[I apologise for the graphic nature of this post. I am writing the first draft of my book and I am posting some short extracts here (totally random and out of order). If you want hearts and flowers from me, then today is not your day …]
He was the second dead person I had seen. The first was long ago when I was a 3rd Form student at Sacred Heart College, a posh private Catholic girls’ school that had a fully populated convent attached.
Sister Mary Something (they were all Sister Mary Something) died in October 1977 and was laid in state in the small school chapel. Viewing the body was by no means compulsory but my morbid curiosity saw me standing in line with all the other girls in green uniforms, eager to take a look.
Her tiny, shrivelled, old body lay in a polished timber coffin in front of the altar. As we all filed past silently, I saw her lying there like she had fallen asleep and forgotten to wake up. Dressed in full nun’s regalia, the old-fashioned black and white kind, all I remember is how still she was.
She didn’t look like she was sleeping really at all. Sleep looks completely different – eyelids flicker, tiny moans escape into the silence and the body moves and shifts as lungs breathe and muscles relax. Sister Mary Thingy was utterly still and totally devoid of life.
J. was utterly still as well. But he wasn’t dressed beautifully or laid carefully in a polished coffin inside an immaculately groomed chapel. He was sitting on an over-stuffed blue armchair in the room that had once been my study, surrounded by a mess of papers, photo albums, ashtrays and empty long neck beer bottles. The picture was dim and muted as curtains were drawn even though it was early morning.
I couldn’t determine if his face was relaxed in peaceful imitation of sleep because of the green garbage bag over his head. From beneath the garbage bag a hose pipe ran down over his shoulder and chest to a metal cylinder on the floor. It was the same type of cylinder as the ones you use in a gas BBQ, but instead of being grey and featureless, it was bright red.
He was wearing shorts and a singlet, clothes he had never worn in the 19 years we were together, but recently purchased to facilitate his new interest in getting fit. I wondered if he had worked out first and then decided he’d had enough. How do you decide what to wear when you die?

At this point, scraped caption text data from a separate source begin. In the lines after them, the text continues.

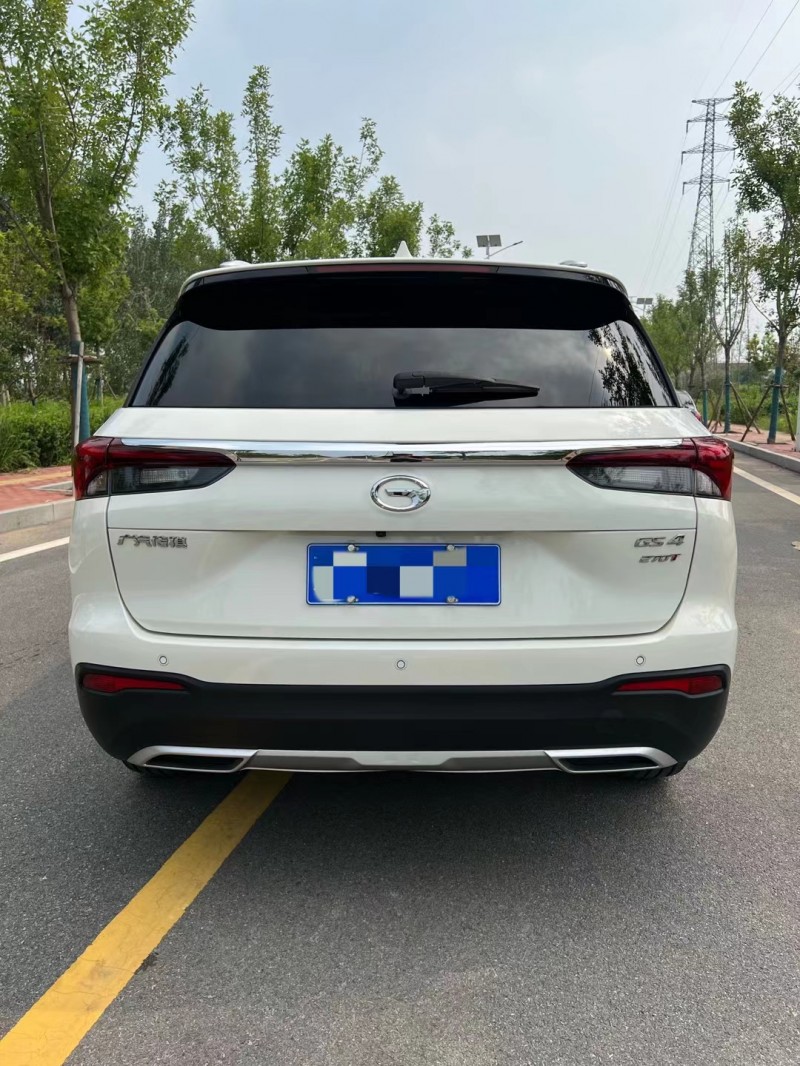 廊坊21年传祺GS49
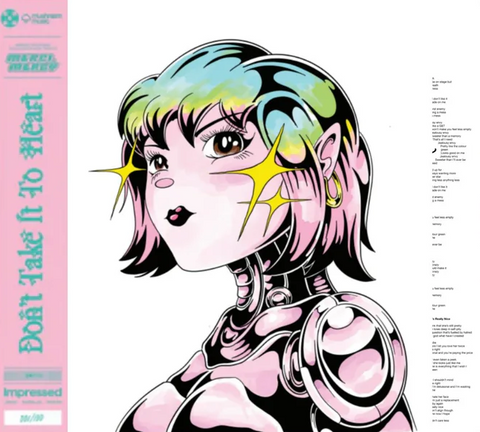 Don't Take It To Heart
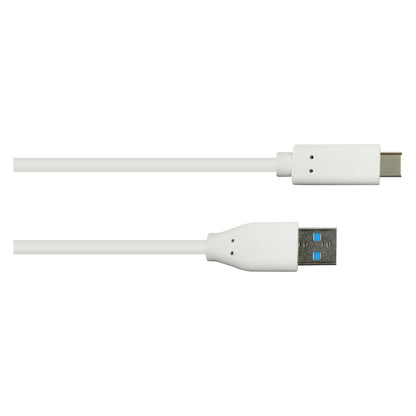 Good Connections USB 3.2 Gen.2 Kabel A-USB-C weiß 0,5m
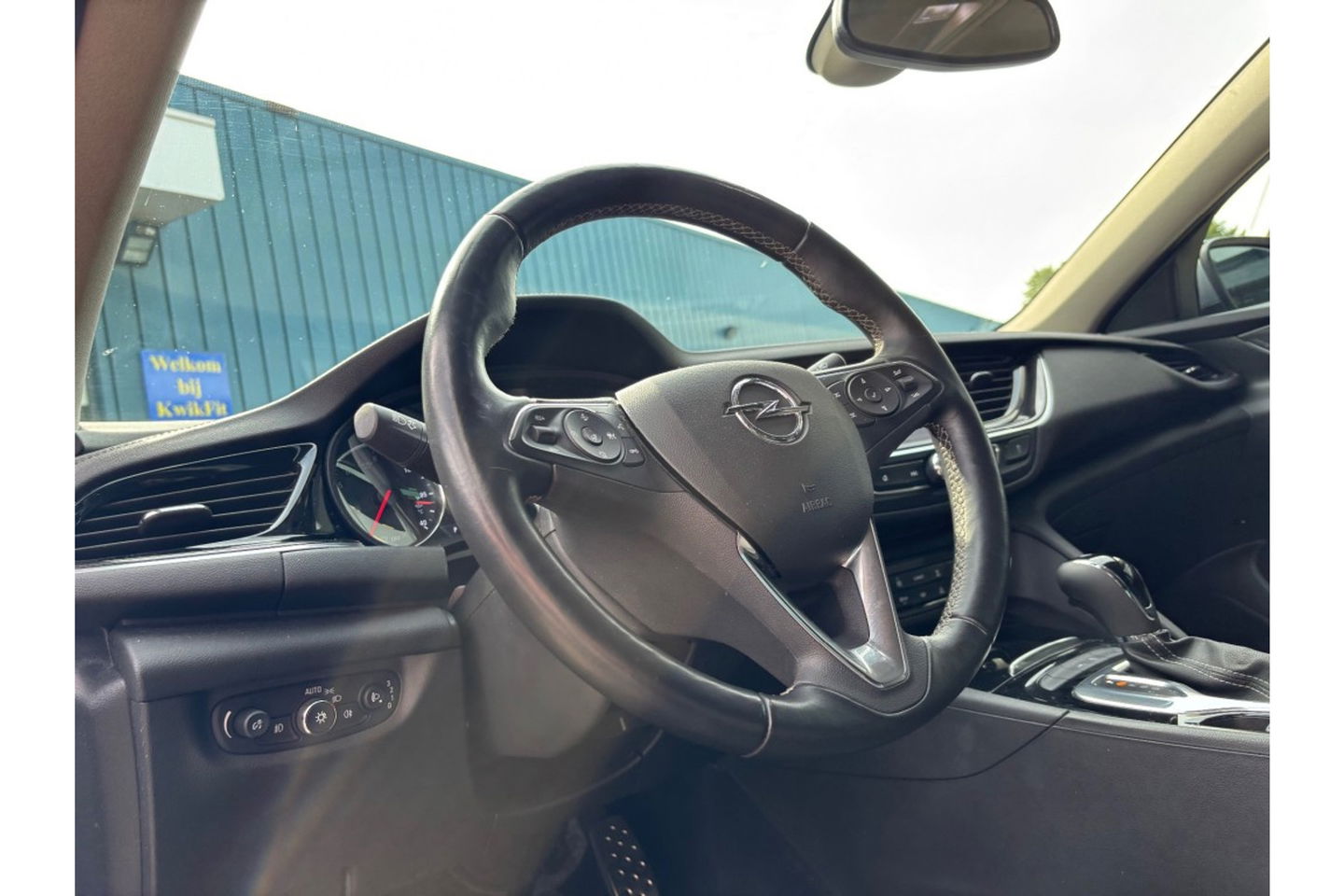 Opel Insignia 1.5 TURBO AUTOMAAT BUSINESS EXECUTIVE NAVI CLIMA LMV PDC
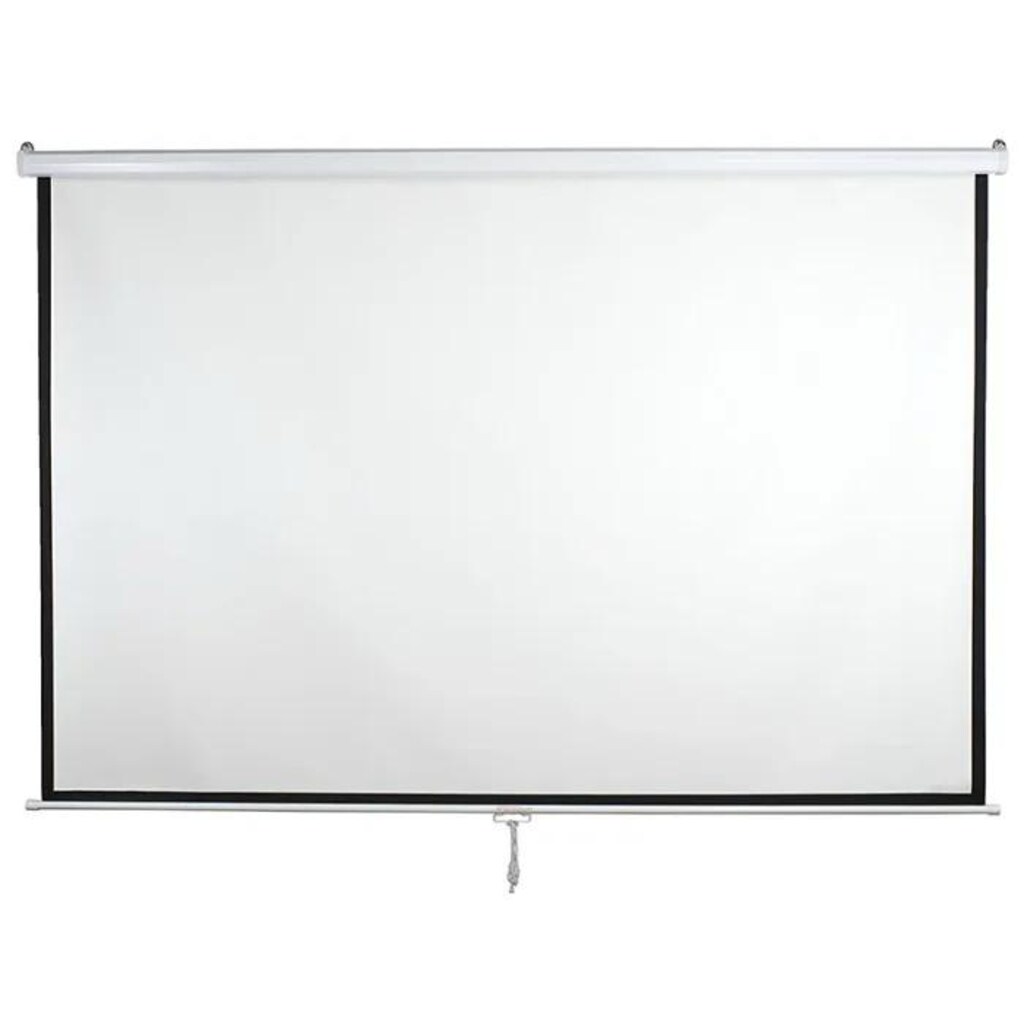 Codegen 200×200 cm Storlu Projeksiyon Perdesi - 4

His freshly acquired tribal tattoo on his left shoulder and arm in blue and black ink was mimicked by the black and blue bruises of decomposition showing on the exposed flesh of his belly where his singlet had ridden up. I had seen enough medical and detective TV shows to know living people or the recently deceased don’t have those marks. He was long gone and I was too late to save him.
Instead of rushing to him to check if he was still alive, I got out of the room as quickly as I could. I grabbed my phone from my handbag and called 000.
“What is the nature of your emergency?” the female voice said.
“My husband appears to have killed himself”.